A major concern with VDI is the extreme overhead necessary to manage many redundant operating systems each with its own duplicated processes, storage and memory. In the early days this made VDI incredibly inefficient. More recently, however, advanced VDI systems, primarily centered around virtualization platforms and storage, have addressed many of these issues by deduplicating memory and storage, using common master boot files and other techniques. In fact, contrary to most assumptions, it can even be the case that VDI may outperform traditional terminal services for Windows due to the hypervisor platform being able to handle memory management and task switching even more efficiently than Windows itself (a phenomenon first observed in the early 2000s when in some cases Windows would run faster when virtualized on top of Linux so that memory management could be partially handed off to the Linux system underneath which was more efficient.) This is definitely not always the case, but the improvements in VDI handling have come so far that the two are often quite close. Again, however, this is a factor making VDI more attractive in the Windows world but not as dramatically in the non-Windows world where native OS task management is typically more efficient and VDI would remain unnecessary overhead.

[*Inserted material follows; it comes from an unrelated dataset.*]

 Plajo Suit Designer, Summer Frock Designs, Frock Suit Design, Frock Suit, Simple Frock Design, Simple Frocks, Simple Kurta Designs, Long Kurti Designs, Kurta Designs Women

Another area where VDI has consistently shown to be more capable than terminal services is in the area of graphically rich rendered environments such as CAD and video editing. The same areas that still lean heavily towards dedicated hardware tend to move to VDI rather than terminal services because of a heavy investment in GPU capabilities within the VDI solutions. This is not a universal scenario, but for situations where heavy graphical rendering needs to take place it is worth investigating the possibility that VDI will perform significantly better.

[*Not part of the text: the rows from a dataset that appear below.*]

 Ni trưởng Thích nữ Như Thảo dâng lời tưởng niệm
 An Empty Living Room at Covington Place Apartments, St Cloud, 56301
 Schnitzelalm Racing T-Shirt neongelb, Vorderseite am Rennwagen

Because of how VDI is managed, it is often reserved only for very large deployments where the scale, in number of end users included in the solution, can be used to overcome some of the cost of implementation. Terminal services, however, do to its more scalable cost is often able to be implemented to smaller environments or subsets of users more cost effectively. Neither is common for a very small environment of only a few users, although a strange phenomenon of manually managed VDI would make VDI likely more effective than terminal services for an exceptionally tiny number of users, perhaps less than ten, where VDI is treated more like individual servers rather than as a unified VDI environment.
With only the rarest of exceptions, primarily due to the licensing overhead created by the Windows desktop ecosystem in a virtualized setting, it is a de facto starting position for remote access end users systems to assume a starting point with terminal server technologies and only turn to the more complicated and more costly VDI solutions when terminal services prove to be unable to meet the technical requirements of the scenario. For all intents and purposes, VDI is a fall back brute force method to make end user virtualization work where the preferred methods have come up short.